Those seeking to study archaeological specimens increasingly find the objects of their interest tied up in complex arguments over who owns them. But if museums engage openly and honestly with nations that claim ownership, they can reach compromises that will balance the potentially conflicting desires for reliable stewardship, fairness and access for both the public and researchers.

The latest episode to bring these issues to the fore concerns the stewardship of a large collection of Oceanic artefacts held by the de Young Museum in San Francisco. The collection, which includes masks, skulls and exotic carvings, could provide anthropologists with new insights into primitive peoples.

As we report on page 722, at least nine of the 400 artefacts initially donated seem to be the national cultural property of Papua New Guinea. The items — and others among the 6,000 pieces lined up as future exhibits — came from the worldwide trade in archaeological specimens that are increasingly valued as works of art.

Research should proceed on the basis of a firm and fair understanding between the museum and officials from the country of origin.

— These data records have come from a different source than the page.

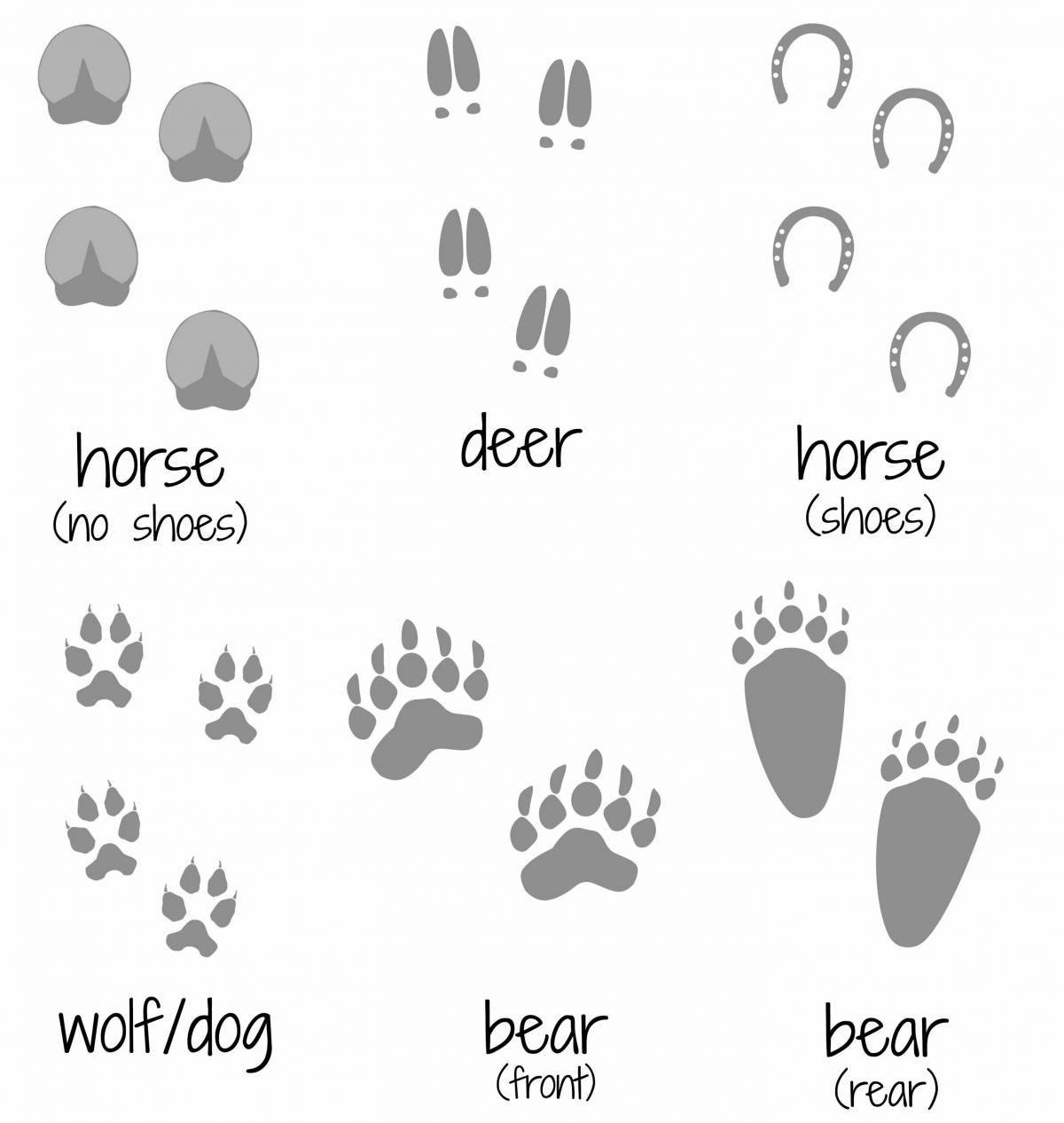 Coloring prints of a cheerful hare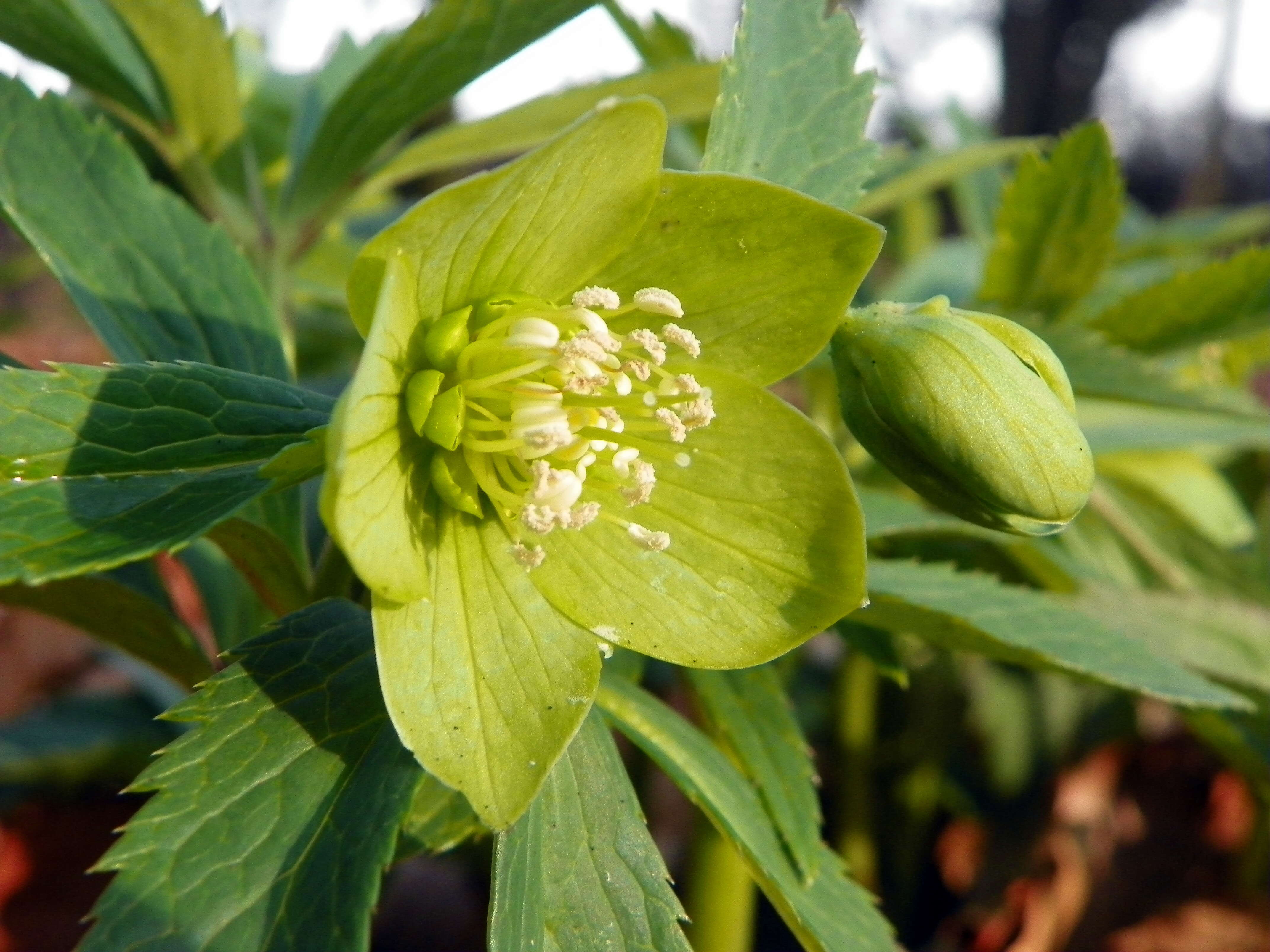 Image of Green Hellebore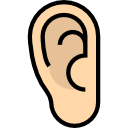 Ear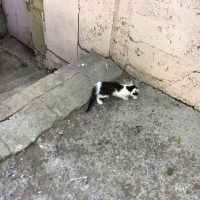 Найдены котята цвет черно-белый
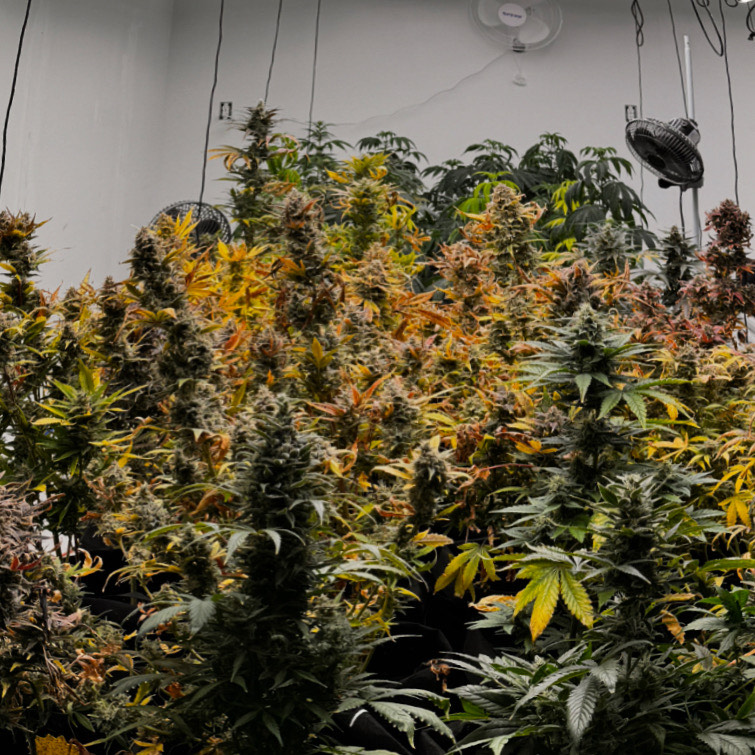 Cannabis Plants Slideshow Image 3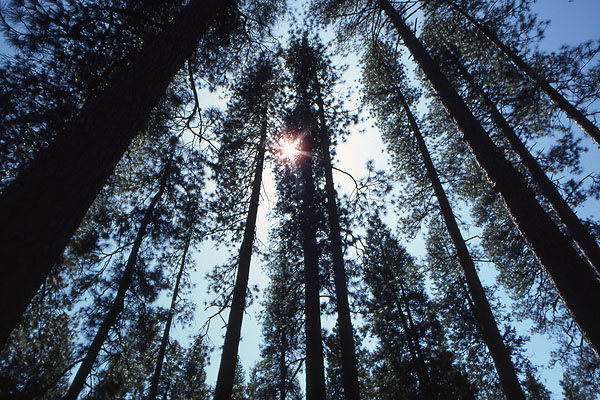 Yosemite Forest.<br>
Photo by Blitzo.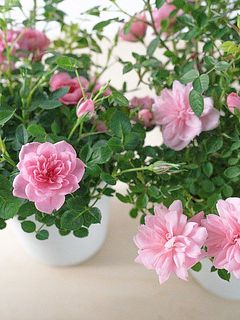 色味には個体差がございます。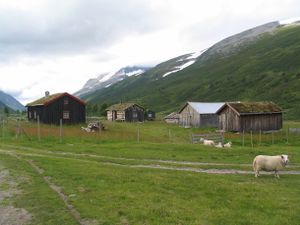 Svartaadalen midtre.JPG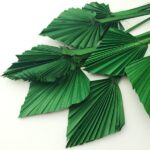 Frunze Palmier Mini Verde Iarba x9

The de Young Museum — rebuilt at great expense after earthquake damage — started the Oceanic exhibition last October to herald its reopening. Unfortunately, given the history of dealing in such objects, no one at the museum seems to have asked questions about the provenance of the specimens when they first entered its gorgeous, copper-sheathed walls.

Yet to the museum's credit, its officials are now pledging to address the issue. A Papua New Guinea museum official has, for example, been invited to San Francisco next week to examine the artefacts. The museum's desire to work with the government of the objects' country of origin contrasts with the more haughty, colonial attitude that has sometimes characterized curators' approaches to this issue in the recent past.

The world of archaeology has been transfixed in recent months, for example, by a criminal trial in Italy of dealers and museum officials over looted artefacts that were sold on to the Metropolitan Museum of Art in New York and the Getty Center in Los Angeles.

The artefacts now housed in the de Young Museum are of considerable scientific interest. They offer anthropologists a window to cultures of an earlier time — possibly even to the era of the miniature hominids who lived to the west on the island of Flores a few thousand years earlier.

But such research should proceed on the basis of a firm and fair understanding between the museum that has physical custody of the objects and officials from their country of origin. All parties should work together to ensure that such an understanding is reached.